Qualifying for the season finale, the 2019 Abu Dhabi Grand Prix started just as the sun began to set over the Yas Marina circuit this afternoon, the floodlights around the track and the lights on the yachts in the harbour brightening up the night sky by the end of the first part of the session.
Lighting up the track was champion elect Lewis Hamilton, who set the fastest lap in 1.34.779, to secure what is surprisingly his first pole position since the German Grand Prix back in the summer. “That’s what I’ve been looking for! It’s been such a long road to try and get this pole position,” said the Mercedes AMG Petronas Motorsport driver as he stepped out of the cockpit. “Yesterday was quite wobbly so I had to regroup overnight and come back focused.”
“It was a very good Qualifying session for us. Qualifying hasn’t been the easiest this year, but it’s been something we’ve just been chipping away it. Yesterday was a bit difficult for me, I had to re-centre myself for today. But it’s the best thing when you get to Q3 and you pull out two good laps. A big thank you to the entire team for their continued effort. Even though we have both titles won, we continue to push and strive to be better and that’s so inspiring to me. It’s been an incredible journey with this car this year, so to finish the year off with a pole is a great feeling. It’s not even half the job done, but this result puts us in the best position possible for tomorrow when we’ve got to battle with the Ferraris and Red Bulls,” concluded Hamilton.
The timesheet shows that Valtteri Bottas was second fastest, but Hamilton’s team-mate starts from the back tomorrow because of PU penalties, which promotes third-placed Max Verstappen to the front row for Aston Martin Red Bull Racing.
The pace of the Mercedes will definitely be worrying its rivals overnight, as Hamilton’s lap was over half a second faster than Verstappen’s and the Silver Arrows long run pace was impressive and they are clearly dominant in the final sector of the track.
It was something of a scrappy session for Scuderia Ferrari Mission Winnow, with Sebastian Vettel surviving a harmless spin in Q1. Then in Q3, both he and team-mate Charles Leclerc found themselves backed up on their warm-up lap and the Monegasque driver failed by a matter of centimetres to start his final flying lap before the chequered flag came out. Nevertheless, he qualified fourth just ahead of Vettel, the only driver in the top six who will have to start on the Soft Pirelli tyres, as he used them to set his best time in Q2. This puts him at a slight strategic disadvantage, as he will inevitably have to pit earlier than those around him.
Alex Albon rounded off the top six, for Aston Martin Red Bull Racing while the rest of the top ten was split between the two teams lying fourth and fifth in the championship. Lando Norris won the mid-field contest for McLaren F1, seventh quickest ahead of the Renault F1 of Daniel Ricciardo. Behind them came their respective team-mates, Carlos Sainz and Nico Hulkenberg. The Renault team can now be quite optimistic about hanging onto fifth spot in the Constructors’ classification, as its drivers are further up the grid than Toro Rosso, their only rivals. The Bottas penalty means that eleventh fastest Sergio Perez will drove his SportPesa Racing Point into the tenth place slot on the grid tomorrow.

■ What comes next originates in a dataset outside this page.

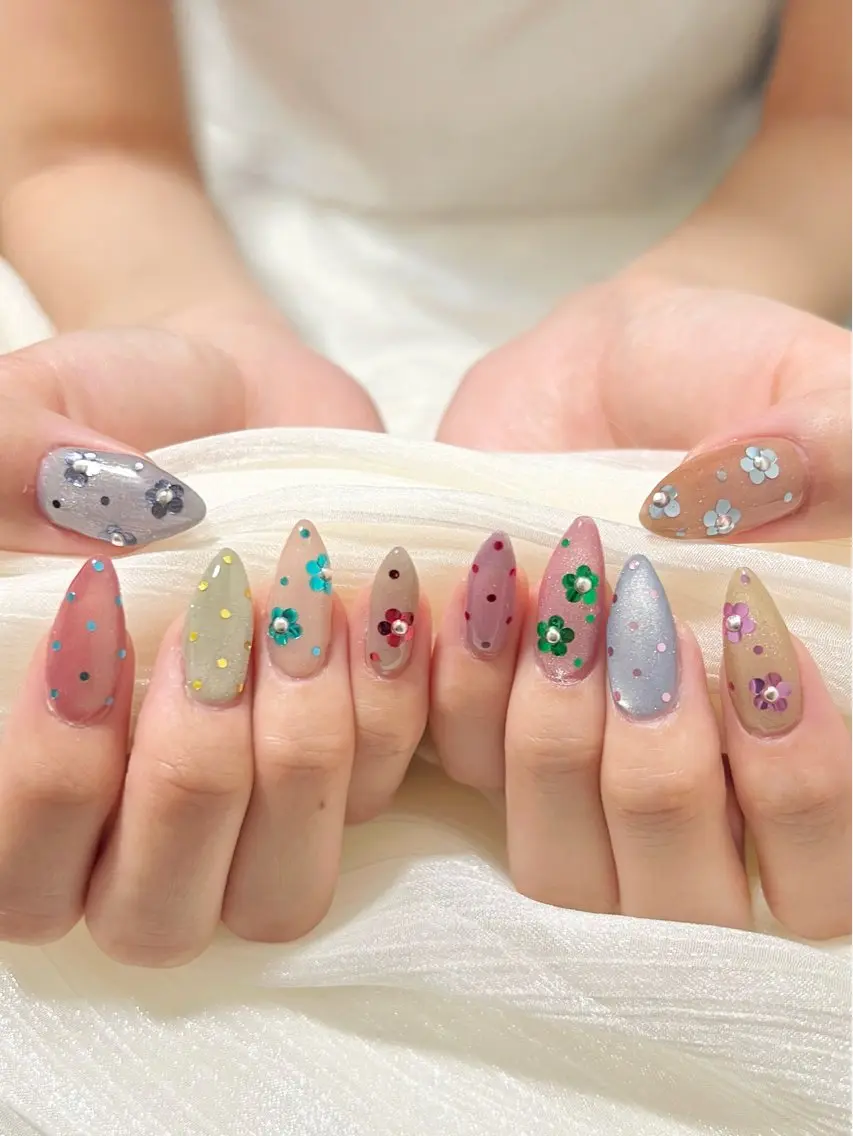 ネイル ハンドネイル Hazel💎 Azusaのネイルデザイン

Also failing to make the cut into Q3 were the Red Bull Toro Rosso Hondas of Pierre Gasly, 12th fastest and Daniil Kvyat 14th, along with Perez’ team-mate Lance Stroll, 13th. Kevin Magnussen was 15th for Haas. As the natural light faded, so did the hopes of Haas’ Romain Grosjean, the Alfa Romeo duo of Antonio Giovinazzi and Kimi Raikkonen along with the ROKiT Williams pair of George Russell and Robert Kubica who got no further than Q1.
Track position is vital at the Yas Marina track, as overtaking is quite tricky, so it’s no surprise that a one stop strategy is reckoned to be the quickest route to the chequered flag. For those starting on the Medium tyre, the only pit stop to switch to the Hard compound can happen anytime between laps 10 and 18, while those on the Softs can be expected to come down pit lane three or four laps earlier, but a Safety Car could always shake things up a bit. So could the fact that it’s the last race of the year and the grid features 20 drivers with nothing to lose!